そこに表示された文字を見た瞬間、蛇塚の顔が固まった。
ヒーローマンの可能性:なし
サタージャの可能性:なし
「どういうことだ…?ヒーローマンでもサタージャでもない…?」
蛇塚は目を細め、僕を真剣な眼差しで見つめた。
「お前、一体何者なんだ?」
僕は深く息を吸い込み、覚悟を決めた。
「アルス、頼む。彼に説明してくれ。」
次の瞬間、青白い光が僕を包み、視界が変わる。気づけば僕はアルスの姿――金髪の長髪に金の紋章、ナイトロングコートを纏った姿になっていた。
「これが僕――アルスの姿です。」
蛇塚は驚きに目を見開き、一歩後ずさった。
「本当なのか…?天使が…?」
アルスは、金色の目を細めながら一歩前に出た。その声は、深く低く、空間に響き渡るようだった。

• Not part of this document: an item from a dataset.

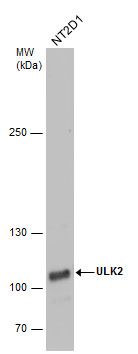 ULK2 Rabbit Polyclonal Antibody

「蛇塚刑事、私は完全な天使ではない。だが、七夕四郎を蘇らせ、この世に送り返したのは私だ。」
蛇塚が息を飲むのを見て、アルスはさらに低い声で語りかけた。
「私は全能ではないが、全てを知っている。悪魔たちがこの世界で仕掛けた計画、そしてお前たち人間が何も知らずに踊らされている現実を。」
「お前が求めるのは正義か?それともただの秩序か?その答えを知るために、この男――七夕四郎の力を使え。彼の意思は正義に向いている。」
蛇塚はアルスの言葉に戸惑いつつも、真剣に聞き入っていた。だがその時、アルスの肩が小さく震え、声が途切れる。
「――すみません!アルス、代わってください!」
一瞬で光が消え、僕――七夕四郎の姿に戻る。
「刑事さん、本当に彼は僕の中にいるんです!だから、僕を信じてください!」
蛇塚はしばらく沈黙していたが、深いため息をついた。
「わかった…。君とアルス、両方を信じよう。ただし、今後はアルスと話す時、彼の姿で応じてもらうことになるだろう。」
「それでも構いません。僕も彼を頼りにしているんです。」
蛇塚は満足げに頷き、僕に手渡された変装スーツを指差した。